My first ever away game for my 13th birthday at Brentford 26/11/83 was the first of the record ten wins on the bounce!!
It is strange how different people see a game differently.I thought the scoreline flattered Shrewsbury. They were slow, and bereft of ideas in the first 35 or so minutes, then got into the game when City slackened off. But I thought they never looked like scoring, and 3-0 would have seemed, to me , a better reflection of play.
City look very good, pleasing to watch, but just somehow lacking a real incisiveness in front of goal. Hopefully, that will come. One worry to me is that Doyle might one time get caught out with his passes out from his penalty area.

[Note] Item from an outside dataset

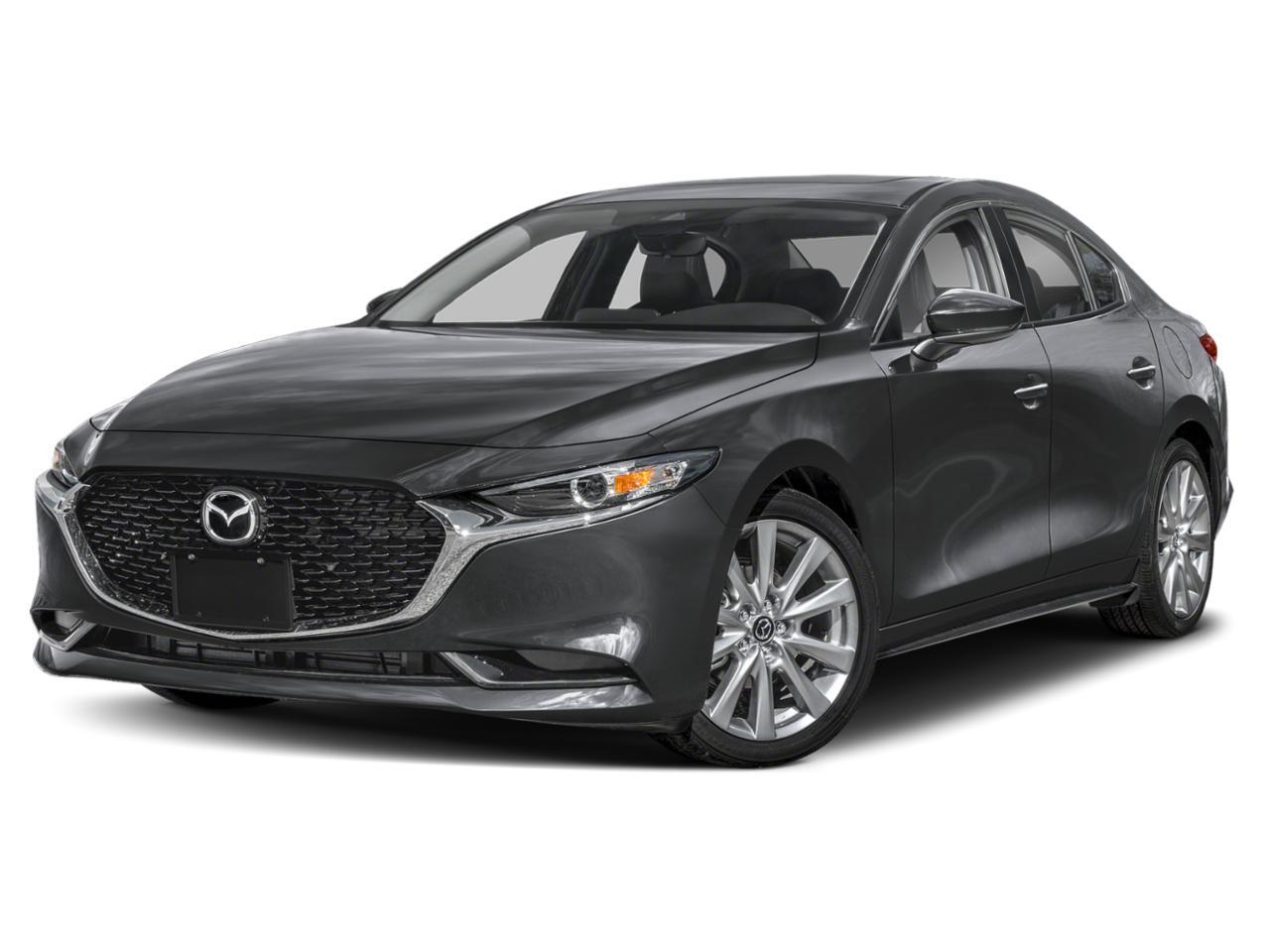 2025 MAZDA Mazda3 2.5 S Preferred Package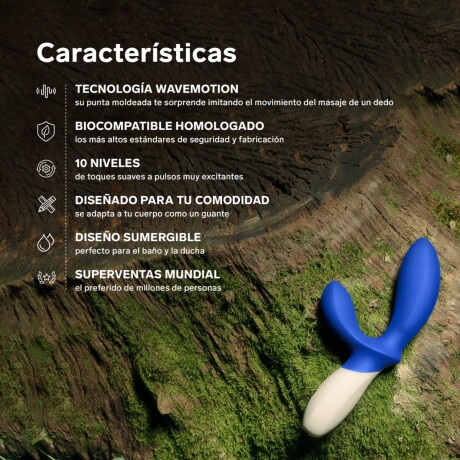 Vibrador Prostático Con Movimiento Lelo Loki Wave Vibrador Prostático Con Movimiento Lelo Loki Wave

Well done another well written article. The constancy of Stuart’s haircut is an observation that made me chuckle. Stuart was a cornerstone of an earlier era of Bantam Progressivism and this is another case of unfinished business. Exciting times.

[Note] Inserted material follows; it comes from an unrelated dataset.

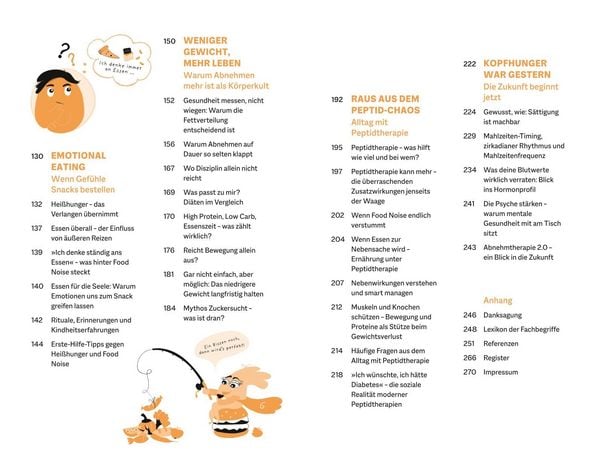 Produktbild: Die neue Wissenschaft vom Sattsein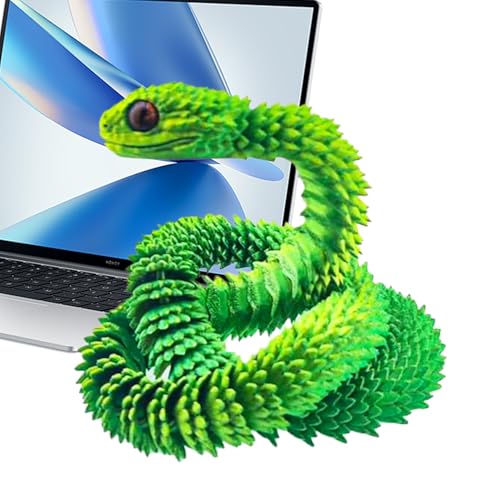 Gmokluytw Artikulierte 3D -Schlange - 3D -gedruckte Schlange | HOG -SANDEGE SCHWEGEL | Realistisches Modell mit flexiblen mobilen Gelenken | -Schreibtischdekoration | Geschenkidee für Tierliebhaber Gmokluytw Artikulierte 3D -Schlange - 3D -gedruckte Schlange | HOG -SANDEGE SCHWEGEL | Realistisches Modell mit flexiblen mobilen Gelenken | -Schreibtischdekoration | Geschenkidee für Tierliebhaber von Gmokluytw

Stuart was the cornerstone of two earlier eras of Bantam Progressivism and I’m enjoying the third just as much. Exciting times indeed!
Stuart comes across as such a fair and decent bloke. His approach in the dressing room is obviously working at the moment (Mark Marshall being the most obvious example). I just hope that when things get tough, which they inevitably will, fans don’t change their perceptions of how his approach suits management. I think we all know enough about #bcafc to predict that opinions will change from some people.
During the first half 3-0 or 4-0 would not have been an unfair half score such was City’s dominance. Mark Marshall on fire and the rest of the team carving Shrewsbury open so often.
However in the second half only the back four and the keeper can take any plaudits. I thought all the midfielders and forwards failed to retain the ball which just kept putting pressure on the defenders. Admittedly Shrewsbury raised their game significantly in the second half…but it was a bit disappointing to see such a regression in ball retention.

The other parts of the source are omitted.